What Is a Provisional Sum in Construction Contracts
A provisional sum is a stated amount inserted into a construction contract to cover specific work that cannot be accurately priced at the time the contract is signed. The contract documents typically describe the nature and scope of this work, even if the final quantities, materials, or methods remain uncertain. Common items covered by provisional sums include earthworks in unknown ground conditions, specialist subcontract packages, piling works, services connections, and remediation of contaminated land.
The amount allocated as a provisional sum is an estimate, not a fixed price. The actual cost is determined when the work is carried out, and the contract is adjusted accordingly.
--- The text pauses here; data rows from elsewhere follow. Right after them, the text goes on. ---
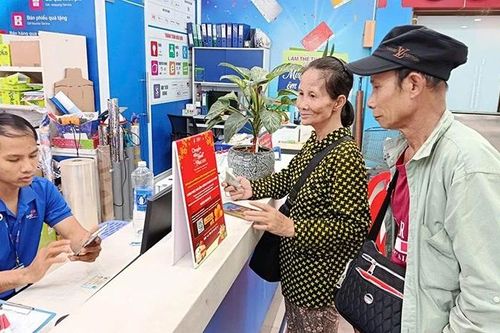 'Chuyến xe hạnh phúc' đưa 900 người lao động về quê đón Tết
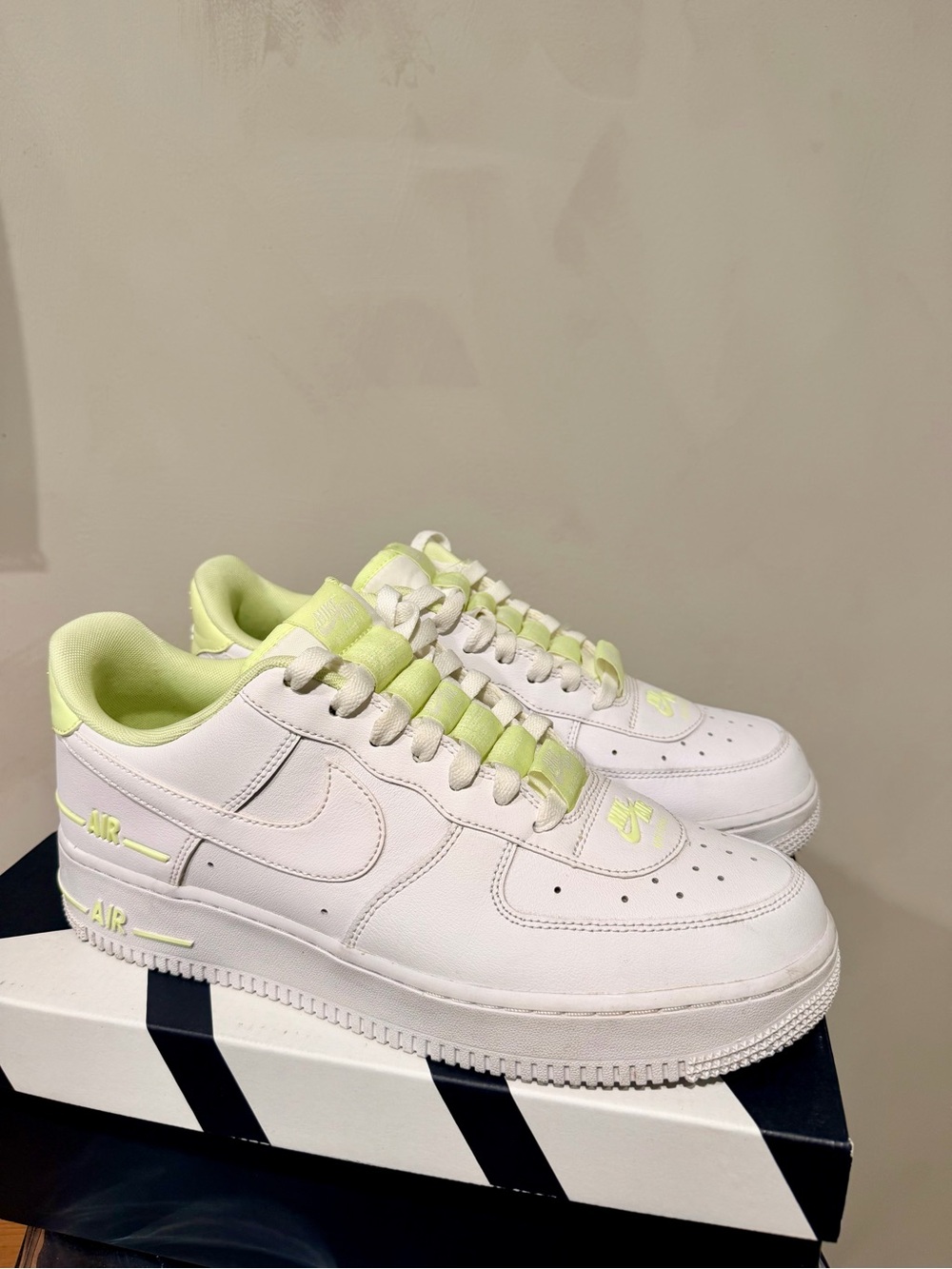 Nike Air Force 1'07 LV8 Double Air Pack White Barely Volt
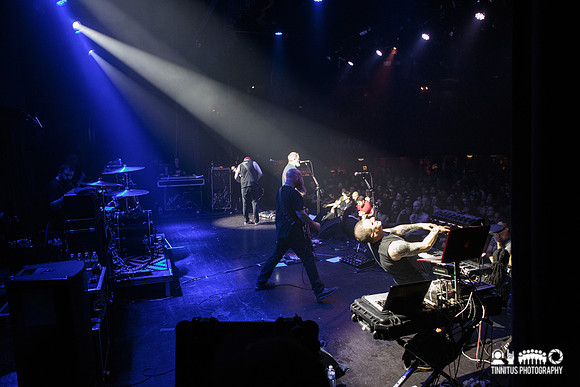 Neurosis in concert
This mechanism protects both the client and the contractor by acknowledging that certain elements cannot be fully priced upfront. The engineer or contract administrator typically has the authority to instruct the contractor to carry out the provisional sum work, and payment is based on the actual cost plus an agreed allowance for profit and overheads. For a comparison with lump sum arrangements, see Key Facts About Lump Sum Construction Contract Its Advantages And Disadvantages.
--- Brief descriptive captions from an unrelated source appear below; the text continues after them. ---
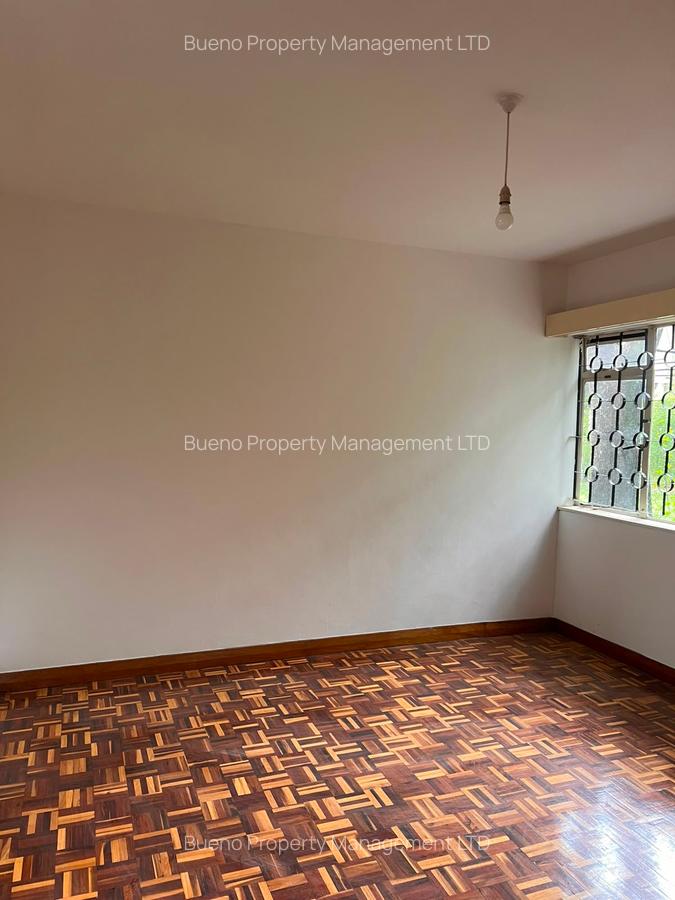 4 Bed Townhouse with Garden in Lavington - 7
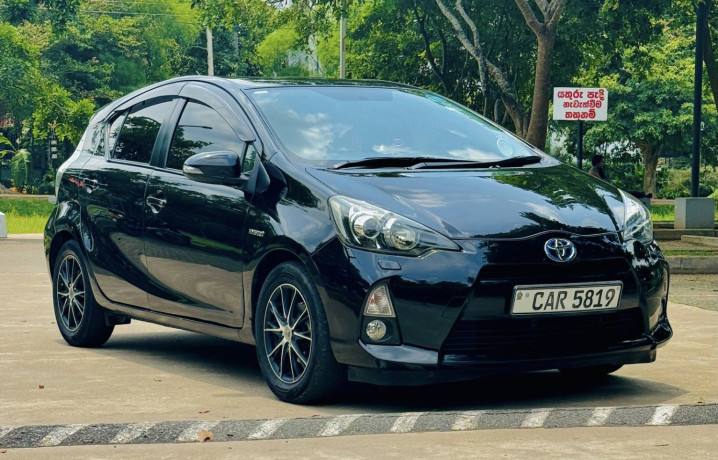 toyota-aqua-s-limited-2014-big-3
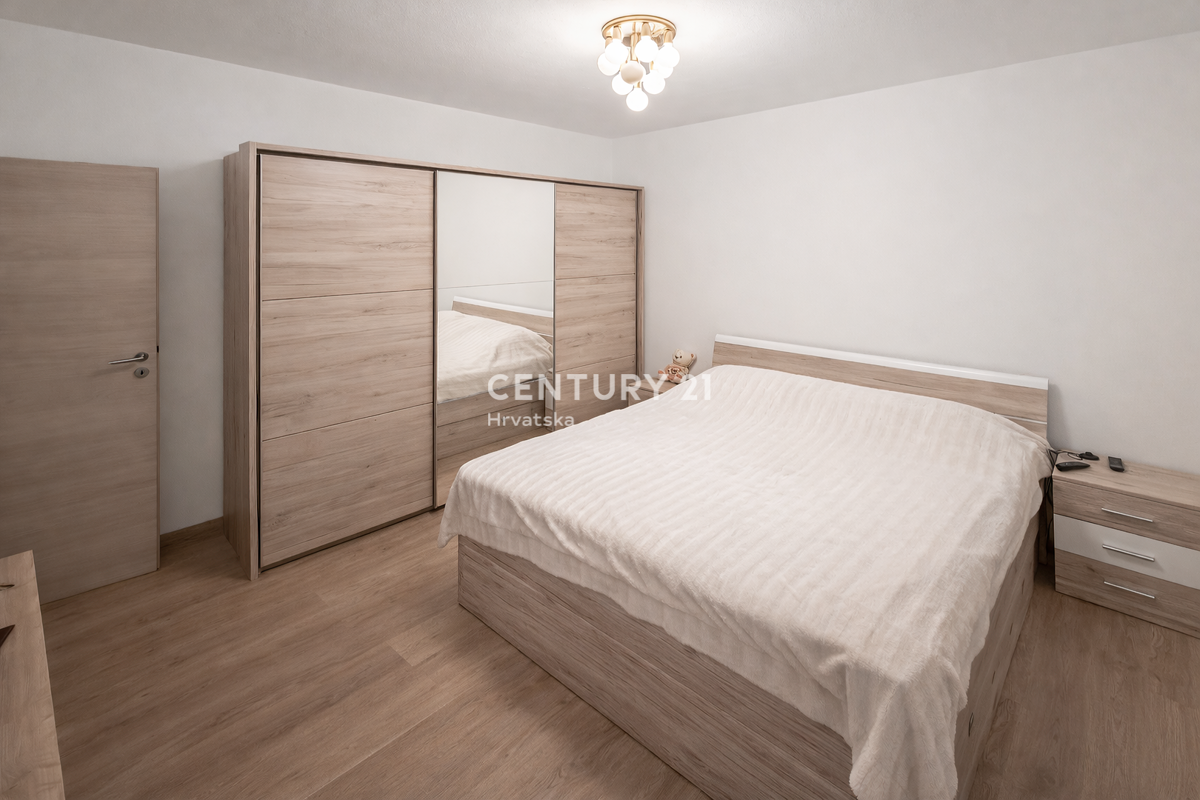 ZADAR, BRIŠEVO, CASA FAMILIARE CON GIARDINO, 145 M2, COMPLETAMENTE RISTRUTTURATA, ARREDATA E SUBITO ABITABILE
- Defined scope: The provisional sum item must be described in enough detail for contractors to price their tenders competitively.
- Separate identification: Provisional sums should appear as distinct line items in the bill of quantities or schedule of rates.
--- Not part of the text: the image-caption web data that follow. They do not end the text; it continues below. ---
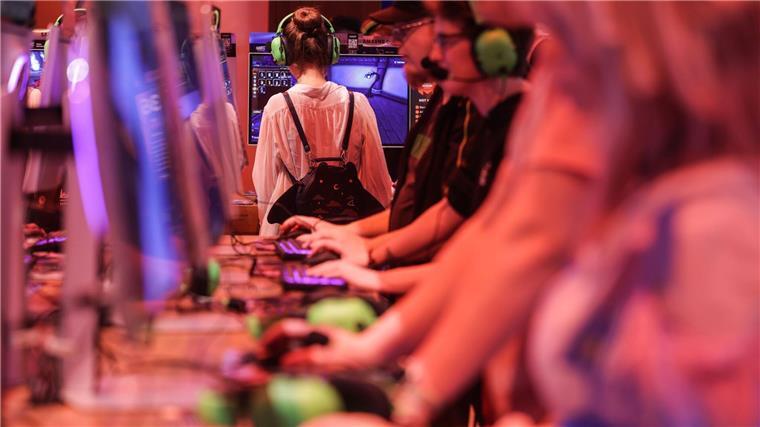 Viele Gamescom-Besucher standen fasziniert vor den Computern und an den Konsolen - ihre Begeisterung für Games ist groß.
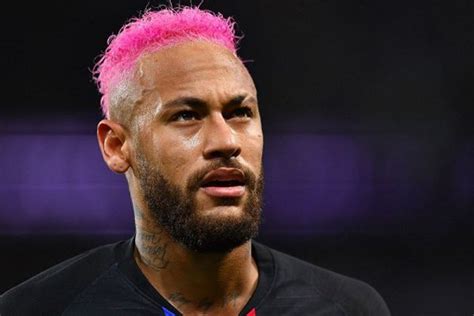 Neymar with pink hair | Neymar Jr - Brazil and PSG - 2022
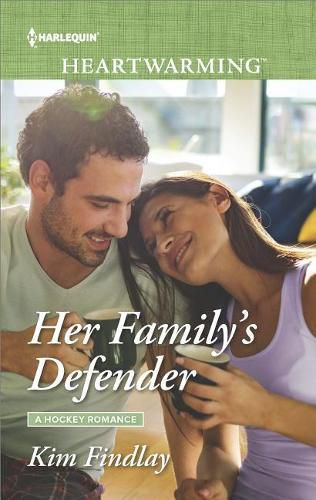 Cover image for Her Family's Defender
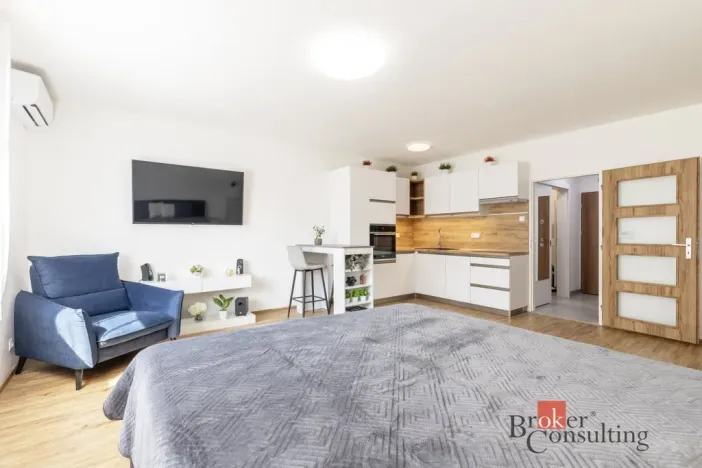 Prodej bytu 1+kk, Velešovice, 38 m2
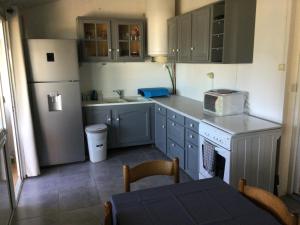 Kuchyňa alebo kuchynka v ubytovaní Maison au calme avec terrain et vue sur la mer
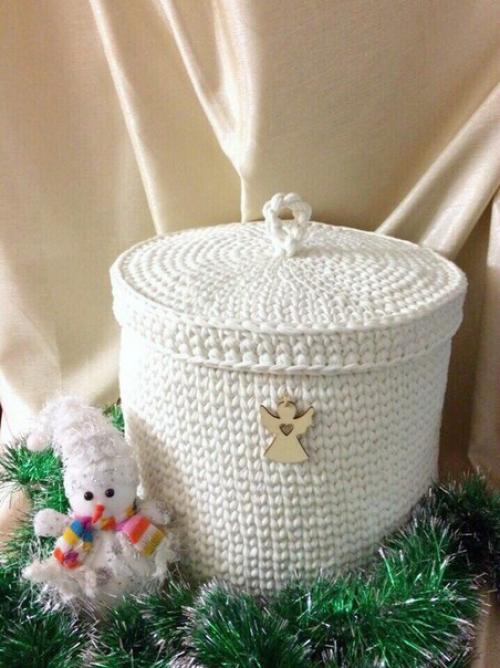 Корзинки из трикотажной пряжи сами по себе - стильный и в то же время уютный подарок ручной работы. 02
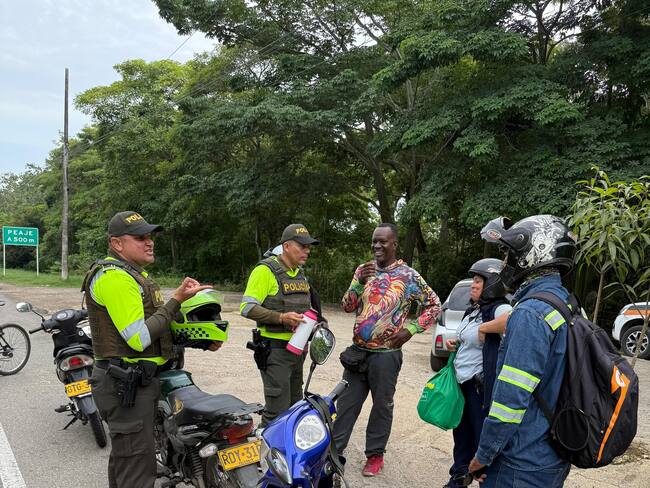 Seccional de Tránsito y Transporte lidera campaña "Un Café por la Seguridad Vial" en puesto de prevención de Turbaco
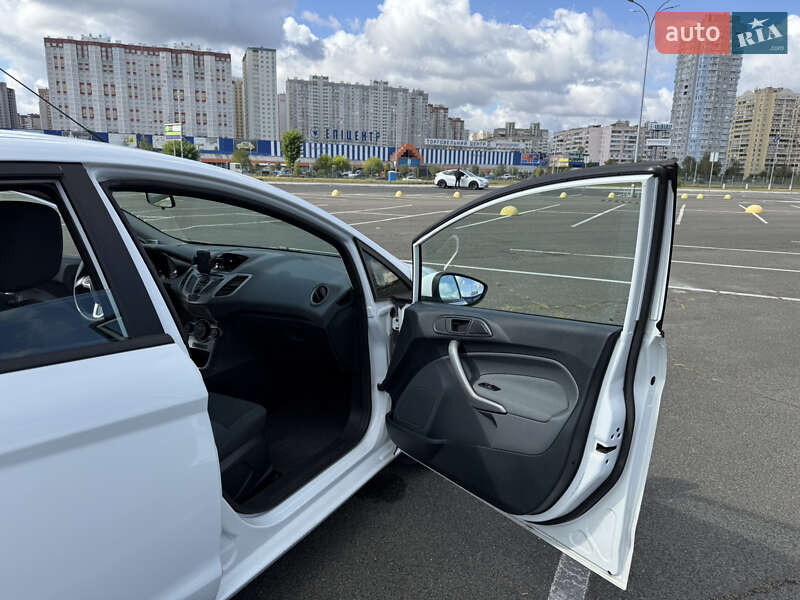 Хэтчбек Ford Fiesta 2011 в Киеве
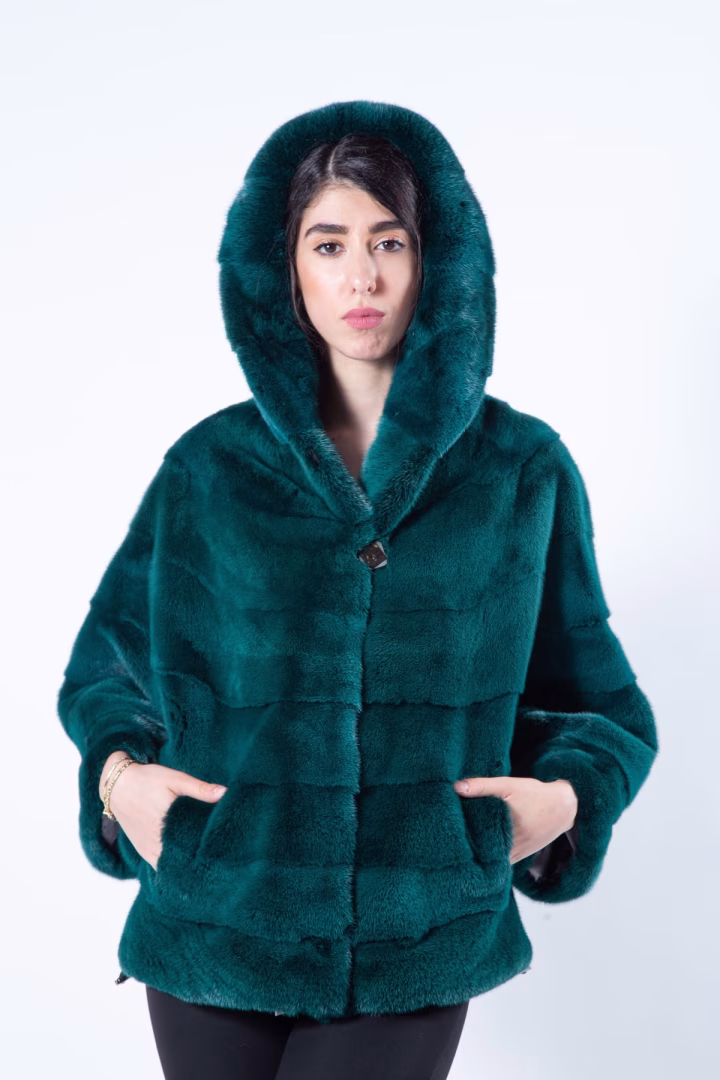 Кейп из меха норки цвета Shock Green с капюшоном — фото 3 из 5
- Proper authorization: The engineer or contract administrator must formally instruct the contractor to proceed with provisional sum work.
- Measured upon completion: The final account adjusts the provisional sum to the actual cost incurred.
How Contractors Receive Payment for Provisional Sum Work
The payment mechanism for provisional sum items follows a structured procedure designed to ensure fairness and transparency for both parties. When a provisional sum item is to be executed, the contractor is typically required to submit a detailed breakdown of costs, including labour, materials, plant, and subcontractor quotations. The engineer or contract administrator reviews this proposal and negotiates any adjustments to rates or methodologies before authorising the work. The project requires careful coordination between design and construction teams to stay on budget, as discussed in this piece on More Than The Sum Of It Parts.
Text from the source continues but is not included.